The Maine Lobstermen’s Association is appealing its case against the new rules to the U.S. Court of Appeals for the District of Columbia Circuit. The group said Tuesday it has hired Paul Clement, who served as U.S. solicitor general from 2004 to 2008, to represent it in the case.
The solicitor general supervises all Supreme Court litigation for the U.S., and Clement has argued dozens of cases in front of the high court. That’s where the lobstermen’s case could ultimately be headed, he said Tuesday.
The new fishing restrictions have pushed the industry to the brink of collapse, Clement said.
“You have administrative overreach. The implications are easy to understand,” he said. “It directly threatens really one of the most iconic American industries. Everyone who has ever enjoyed a lobster can appreciate this.”
The lobster fishermen sued the National Marine Fisheries Service, and in September a judge denied their request to stop the regulators from placing the new restrictions on fishing. The restrictions are designed to protect the North Atlantic right whale, which numbers less than 340 and is vulnerable to entanglement in fishing gear.
The fisheries service has declined to comment on the lawsuit.

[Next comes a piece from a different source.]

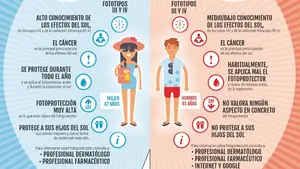 El cáncer de piel, el efecto nocivo del sol que más preocupa a los navarros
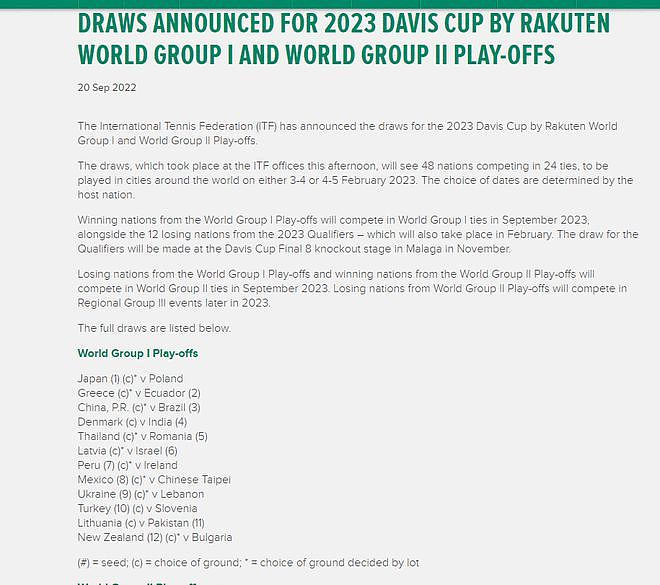 戴维斯杯世界组一组附加赛抽签:中国队主场将战巴西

The Maine Lobstermen’s Association also said it planned to file court papers on Tuesday asking for its appeal to be expedited because of the jeopardy posed to the fishery by the new rules.
Environmental groups have long pushed for stronger protections for the right whales, which were devastated generations ago during the commercial whaling era. The groups have made their own case in court that the federal government should be doing more to protect the whales.
The American lobster fishery is based mostly in Maine, though lobsters also come to the docks elsewhere in New England and in New York and New Jersey. U.S. lobsters were worth a record figure of more than $900 million at the docks last year.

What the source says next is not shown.